Inns may be indicted, suppressed and innkeepers fined, if they refuse to entertain a traveller without a sufficient cause.
I find this unusual. Why would an inn refuse business, other than for it being full?
All pretended lotteries are declared to be public nuisances (a licence from the stamp-office was required for the sale of lottery tickets). Anyone caught without a licence and convicted could be fined 100 pounds.
Some types of lotteries were known as ‘little goes’. These were declared public nuisances. Anyone involved in setting one up, or allowing one to be played at his house, will be fined and deemed a rogue and vagabond.
If any editor of a newspaper, or other person, advertises any illegal scheme of gaming in the lottery, he is subject to a penalty of 50 pounds.
I suppose this would come under Advertising Standards these days.
The making and selling of fireworks and squibs, or throwing them about in any street, is, on account of the danger that may ensue to any thatched or timber buildings, declared to be a common nuisance. Punishable by fine; for making and selling 5 pounds and for throwing or firing them 20 shillings.
This is, I think, self-explanatory, and understandable. Many houses in towns and villages were timber-framed and thatched. The threat of fire was ever-present.
It is a public nuisance to suffer any mischievous dog to go unloose or unmuzzled, to the danger and annoyance of the neighbours or passengers. An owner could be indicted and an action for damages could be brought. But an action could only be brought against an owner if the owner had received notice of his dog having bitten somebody at least once before. So it sounds like a dog was entitled to one bite, before being declared a nuisance — though I pity the poor person who was the first to be bitten with no chance of redress! Similarly, an action could be brought against an owner who kept a dog accustomed to bite sheep, but only if it could be proved that the owner knew his dog had killed and wounded sheep at least once before.

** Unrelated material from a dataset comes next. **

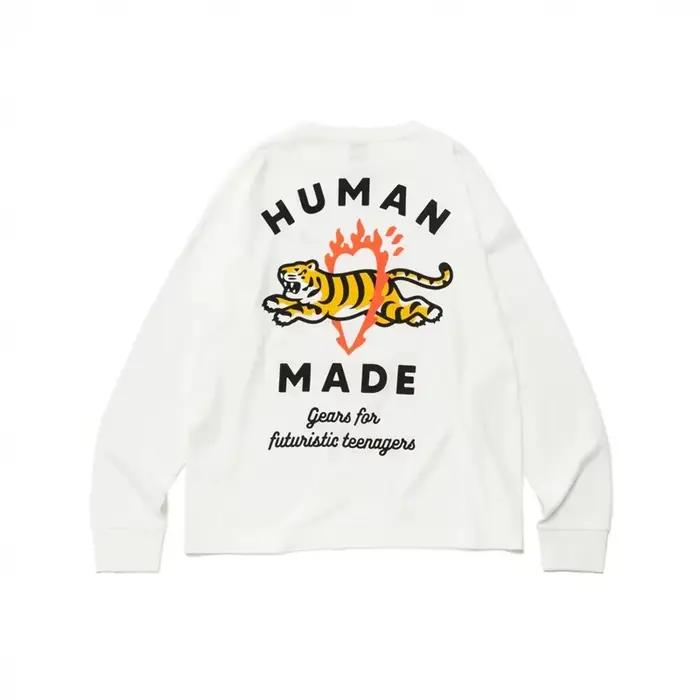 T-shirt à manches longues avec imprimé Tigre enflammé de HUMAN MADE, style rétro japonais, unisexe,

Making, keeping, or carriage of too large a quantity of gunpowder at one time, or in one place or vehicle. No-one is to keep more than two hundred pounds of gunpowder, nor any person, not a dealer, more than fifty pounds, in the cities of London and Westminster, or within three miles thereof; or within any other city, borough, or market town, within one mile thereof; or within two miles of the king’s palaces or magazines; or half a mile of any parish church; on pain of forfeiture, and two shillings around; except in licensed mills.
I was a little shocked to discover that this was classed as a common nuisance. But of course, the keeping of gunpowder was normal at this time. Many people in Georgian Britain carried guns, unlike today, thank goodness.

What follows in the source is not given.